また、トビ先の指定方法にも2種類あります。直接(direct)と間接(indirect)です。直接ジャンプは、ジャンプ命令につづく1バイトもしくは2バイトもしくは4バイトでトビ先アドレスを指定します。このうち1バイトと2バイトは「イントラ」、4バイトは「インター」となります。アセンブラやデバッガの表示を見ていると気づかないかもですが、1バイトと2バイトのトビ先指定の時はIP相対アドレシング(IP、インストラクション・ポインタ、他所ではPC、プログラムカウンタと呼ぶ)なので相対値をコードしてますが、4バイトのインターセグメントでは、2バイトのオフセットアドレス(セグメント内のアドレス)と2バイトのセグメント値の組み合わせです。いろいろコマケー話があるのよ。
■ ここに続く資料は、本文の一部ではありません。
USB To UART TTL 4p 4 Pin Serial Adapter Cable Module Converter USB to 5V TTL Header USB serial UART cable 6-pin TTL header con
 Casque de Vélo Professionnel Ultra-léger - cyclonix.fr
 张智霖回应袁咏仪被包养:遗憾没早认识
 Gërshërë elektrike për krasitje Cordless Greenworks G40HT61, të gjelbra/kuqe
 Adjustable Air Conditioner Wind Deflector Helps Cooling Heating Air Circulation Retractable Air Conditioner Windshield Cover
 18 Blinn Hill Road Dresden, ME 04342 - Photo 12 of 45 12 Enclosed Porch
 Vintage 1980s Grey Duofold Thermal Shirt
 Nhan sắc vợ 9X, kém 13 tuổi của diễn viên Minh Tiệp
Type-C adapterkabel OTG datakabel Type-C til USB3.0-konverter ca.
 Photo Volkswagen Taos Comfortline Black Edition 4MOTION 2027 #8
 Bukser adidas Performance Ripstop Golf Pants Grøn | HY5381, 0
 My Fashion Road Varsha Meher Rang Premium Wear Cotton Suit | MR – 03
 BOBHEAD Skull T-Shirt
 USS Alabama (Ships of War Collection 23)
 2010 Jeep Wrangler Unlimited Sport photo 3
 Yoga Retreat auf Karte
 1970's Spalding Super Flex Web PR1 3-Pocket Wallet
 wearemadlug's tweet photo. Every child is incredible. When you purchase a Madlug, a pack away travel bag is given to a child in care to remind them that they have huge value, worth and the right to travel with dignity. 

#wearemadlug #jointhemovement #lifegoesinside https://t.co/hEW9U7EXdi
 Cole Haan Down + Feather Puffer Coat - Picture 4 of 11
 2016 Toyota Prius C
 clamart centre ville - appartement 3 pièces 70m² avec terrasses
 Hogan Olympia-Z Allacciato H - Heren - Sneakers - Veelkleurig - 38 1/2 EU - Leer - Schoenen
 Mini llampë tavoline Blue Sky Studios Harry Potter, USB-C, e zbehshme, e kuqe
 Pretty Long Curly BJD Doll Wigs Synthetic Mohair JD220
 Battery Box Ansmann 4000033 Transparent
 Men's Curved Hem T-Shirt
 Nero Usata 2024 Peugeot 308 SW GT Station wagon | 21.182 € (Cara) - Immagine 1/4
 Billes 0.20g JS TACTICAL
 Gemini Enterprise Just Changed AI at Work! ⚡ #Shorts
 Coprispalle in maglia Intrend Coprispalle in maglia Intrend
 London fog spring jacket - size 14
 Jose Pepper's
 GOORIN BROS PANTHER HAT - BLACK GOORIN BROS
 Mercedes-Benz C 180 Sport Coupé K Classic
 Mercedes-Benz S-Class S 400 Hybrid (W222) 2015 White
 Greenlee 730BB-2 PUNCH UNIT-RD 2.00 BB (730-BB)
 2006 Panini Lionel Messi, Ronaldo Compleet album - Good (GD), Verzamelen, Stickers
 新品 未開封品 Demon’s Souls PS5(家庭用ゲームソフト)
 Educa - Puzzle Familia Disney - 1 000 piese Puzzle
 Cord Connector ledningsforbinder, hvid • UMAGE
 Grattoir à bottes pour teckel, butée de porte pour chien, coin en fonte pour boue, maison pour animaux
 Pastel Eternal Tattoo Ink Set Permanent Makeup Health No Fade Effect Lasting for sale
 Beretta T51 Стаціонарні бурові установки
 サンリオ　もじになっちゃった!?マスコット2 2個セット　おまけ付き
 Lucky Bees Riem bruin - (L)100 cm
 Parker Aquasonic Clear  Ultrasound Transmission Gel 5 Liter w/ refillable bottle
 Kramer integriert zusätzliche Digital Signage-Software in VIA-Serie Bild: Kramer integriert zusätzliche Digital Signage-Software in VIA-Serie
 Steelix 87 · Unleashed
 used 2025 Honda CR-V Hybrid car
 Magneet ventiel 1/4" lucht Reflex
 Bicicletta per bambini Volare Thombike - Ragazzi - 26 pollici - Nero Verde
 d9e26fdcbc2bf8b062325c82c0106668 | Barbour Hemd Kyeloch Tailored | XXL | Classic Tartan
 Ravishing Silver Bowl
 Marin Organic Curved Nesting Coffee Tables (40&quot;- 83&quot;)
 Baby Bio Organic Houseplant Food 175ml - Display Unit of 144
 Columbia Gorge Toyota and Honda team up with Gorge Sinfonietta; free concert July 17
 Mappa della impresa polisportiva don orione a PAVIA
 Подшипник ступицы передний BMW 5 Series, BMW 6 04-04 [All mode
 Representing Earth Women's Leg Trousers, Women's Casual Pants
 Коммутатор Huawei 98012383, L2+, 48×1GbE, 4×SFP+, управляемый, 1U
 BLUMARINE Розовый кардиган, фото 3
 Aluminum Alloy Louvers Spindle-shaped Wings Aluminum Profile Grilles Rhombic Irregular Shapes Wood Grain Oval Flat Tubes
また間接ジャンプは、ジャンプ命令の中でメモリアドレスまたはレジスタを指定してそこに置かれているアドレスへジャンプします。メモリの場合、置かれているアドレスがイントラの2バイトのオフセットアドレスのみなのか、インターの2バイトのオフセット+2バイトのセグメントなのかを指定しないとならないので、インターセグメントジャンプであれば、さきほどでてきた far をつかってメモリアドレスが far pointer である、と言っておかねばなりませぬ。何も言わないとアセンブラは near(イントラ)だと判断するハズ。
さらに間接ジャンプではレジスタを引数に指定できるので、レジスタ中に格納されているオフセット・アドレスに飛ぶこともできます。ただし「レジスタ間接」の場合は、セグメントを指定する方法が無いので、near のみとなります。
この辺の「簡素な(同じ16ビットx86でも286プロテクトモードに比べたらということ)」ルールを踏まえて以下の練習コードをごらんくだされや。
今回練習のアセンブリ言語ソース
以下ちょこっとJMPしてみるだけのソースです。強力なx86用アセンブラNASM用のソースです。
segment code
..start:
mov ax, data
mov ds, ax
mov ax, stack
mov ss, ax
mov sp, stacktop
test:
jmp ntarget1
mov ax, 1
mov ax, 2
ntarget1:
mov ax, 3
jmp ntarget2
resb 2048
ntarget2:
mov ax, 4
jmp far ftarget1
ftarget2:
mov ax, 6
fin:
mov ax, 0x4c00
int 0x21
resb 2048
segment data align=16
resb 1024 * 63
jaddr:
dw ftarget2
dw code
segment code2 align=16
resb 1024 * 63
ftarget1:
mov ax, 5
mov bx, jaddr
jmp far [bx]
segment stack class=STACK
resb 2048
stacktop:
あちこち飛び回って、その度にお印にAXレジスタに値をたてるだけのコードです。
アセンブルして実行
MS-DOS互換で機能強化されたFreeDOS上、以下のステップで上記アセンブラソース jmp.asm から実行可能なオブジェクトファイルを得て実行することができます(nasmとwatcom Cがインストール済であること。)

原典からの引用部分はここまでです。